Don't get it! NAS on LAN not accessible from outside

Hello everyone,
I have a problem I spent some time trying to figure out and honestly I don’t get it.

I am trying to access my NAS on my local network from outside with https://nas.mydomaine.com
Domain is setup with Cloudflare and I have everything set-up properly on that side.
Nas is configured with reverse proxy redirecting to port 443 on NAS

On pfsense side, NAT rules on both WANs are redirecting this traffic to the local NAS IP address.

I cannot connect to my nas using the https.
For some reason pfsense is blocking the public IP supplied by my ISP

The public IP is not declared on pfsense as the modems have the public IP and nat to the pfsense with a lan address (192.168.6.1 for modem to 192.168.6.2 for pfsense)

Could someone tell me why and how to fix it?
Sorry if not enough documented, new users cannot post more than one image.

Thank you for your help.

A bit tricky to follow your setup. However, you might consider an alternative approach that is to run an OpenVPN server with DDNS, you will be able to securely access your NAS.

If you can’t install the OpenVPN client from your remote client, then accessing your NAS directly over the internet might be a security risk.

Port 443 might be in use elsewhere on your network, try switching it to something else, otherwise it’s likely to be your rules on the WAN.

Hello and thank you for your answer!
I have tried to set up openvpn but for the life of me I can’t get it to work!! I followed the video tutorial on Lawrence systems youtube channel but for some reason it doesn’t work. Certificate problem I guess.
I was so proud of myself as I got pretty much everything else to work :rofl:
I guess my next step is to work on the openvpn thing as as you mentionned it is the best solution to access my nas form outside.

LOL been there.

OpenVPN isn’t too bad to set up, it will be worth the effort.

Personally I like to use SSL/TLS + User Auth Server Mode, however, with Shared Key, it might be easier to just get OpenVPN working, then go from there.

I’ve not used the wizard, but with it you should be able to get the OpenVPN server up, then you will know the problem is elsewhere if you still can’t connect.

Key word “been there” I’m still in it!!! Grrrr
I can’t set up openvpn because I believe my whole configuration is wrong but I’m trying.
I go through the wizard for openvpn, export the client, import it on my android phone and doesn’t work as it is trying to connect to the LAN IP of the pfsense box. (192.168.6.2:1194).
My pfsense is behind 1 modem supplied by my ISP which holds the public IP (I keep it because of phone and TV). From that ISP box (192.168.6.1) I redirect through nat all traffic to the pfsense box (192.168.6.2). Then in pfsense gateways are declared 192.168.6.1 and 192.168.5.1 and WAN1 192.168.6.2 et WAN2 192.168.5.2 (dual connexion).

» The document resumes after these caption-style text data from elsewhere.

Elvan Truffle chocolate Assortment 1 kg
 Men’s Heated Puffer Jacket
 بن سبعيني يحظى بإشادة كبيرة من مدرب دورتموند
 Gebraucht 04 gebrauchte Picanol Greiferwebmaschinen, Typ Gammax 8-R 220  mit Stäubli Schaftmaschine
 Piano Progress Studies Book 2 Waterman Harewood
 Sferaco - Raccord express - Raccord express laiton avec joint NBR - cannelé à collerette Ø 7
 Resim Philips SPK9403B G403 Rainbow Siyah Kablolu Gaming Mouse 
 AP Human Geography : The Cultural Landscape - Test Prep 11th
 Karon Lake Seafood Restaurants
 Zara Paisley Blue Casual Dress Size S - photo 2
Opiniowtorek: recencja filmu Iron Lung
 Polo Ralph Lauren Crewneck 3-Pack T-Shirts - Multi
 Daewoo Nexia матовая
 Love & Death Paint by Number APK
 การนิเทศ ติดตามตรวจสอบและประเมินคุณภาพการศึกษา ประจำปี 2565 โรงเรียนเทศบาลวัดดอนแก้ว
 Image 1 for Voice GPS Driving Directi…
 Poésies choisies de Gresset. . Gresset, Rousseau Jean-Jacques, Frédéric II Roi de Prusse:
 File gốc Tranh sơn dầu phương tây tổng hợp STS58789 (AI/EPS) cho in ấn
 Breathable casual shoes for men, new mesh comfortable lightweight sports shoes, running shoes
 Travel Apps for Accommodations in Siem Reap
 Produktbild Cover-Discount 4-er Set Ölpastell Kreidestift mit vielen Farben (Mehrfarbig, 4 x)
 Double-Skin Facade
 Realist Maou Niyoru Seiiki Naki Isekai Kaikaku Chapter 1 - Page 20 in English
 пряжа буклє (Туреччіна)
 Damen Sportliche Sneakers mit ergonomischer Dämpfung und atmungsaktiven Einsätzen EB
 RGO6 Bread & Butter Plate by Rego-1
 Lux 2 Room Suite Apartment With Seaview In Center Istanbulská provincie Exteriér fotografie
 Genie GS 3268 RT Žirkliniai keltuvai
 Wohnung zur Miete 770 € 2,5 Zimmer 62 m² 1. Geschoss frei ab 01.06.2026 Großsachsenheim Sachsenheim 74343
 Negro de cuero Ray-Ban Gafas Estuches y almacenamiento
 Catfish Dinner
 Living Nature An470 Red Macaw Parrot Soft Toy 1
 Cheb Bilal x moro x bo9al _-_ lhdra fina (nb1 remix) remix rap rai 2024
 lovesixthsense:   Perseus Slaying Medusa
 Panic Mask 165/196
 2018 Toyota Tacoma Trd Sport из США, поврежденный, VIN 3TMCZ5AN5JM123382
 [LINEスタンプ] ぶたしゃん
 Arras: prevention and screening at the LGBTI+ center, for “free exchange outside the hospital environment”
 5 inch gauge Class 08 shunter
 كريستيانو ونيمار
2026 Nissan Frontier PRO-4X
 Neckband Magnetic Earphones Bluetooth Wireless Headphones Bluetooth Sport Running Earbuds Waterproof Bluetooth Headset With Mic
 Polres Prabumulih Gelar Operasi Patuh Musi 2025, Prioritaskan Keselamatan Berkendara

So on my phone when I import the android configuration and start the profile it is looking for 192.168.6.2:1194 which is impossible to do of course. If my phone is connected to the LAN then no problem the openvpn connects.
So I guess I have to work on pfsense.
As someone famous said : Damn it Jim, I’m a doctor, not an IT guy!!!

I’ve never done this (not using openvpn in production), but the openvpn config file is editable in a text editor, you should be able to edit it to point to your real WAN address.

Hello and thank you for your answer.
Good idea, I did just that and it worked (kinda… it connected, I see the connection in pfsense but unable to navigate the local network…)
The IP4 tunnel network is 192.168.60.0/24 and the IP local network is 192.168.20.0/24
I get this : exception parsing IPV4 route: [route] [192.168.20.1] [255.255.255.0] : tun_prop_error: route is not canonical
Been looking for this error and I added in the custom option push “redirect-gateway def1”
I guess it redirects to the default gateway… But I don’t have a default gateway as I have 2 connections, I have a gateway group as default. Would this be the problem even though I created the vpn connection on WAN1?
In case, I marked wan2 down to see if it would help but it doesn’t.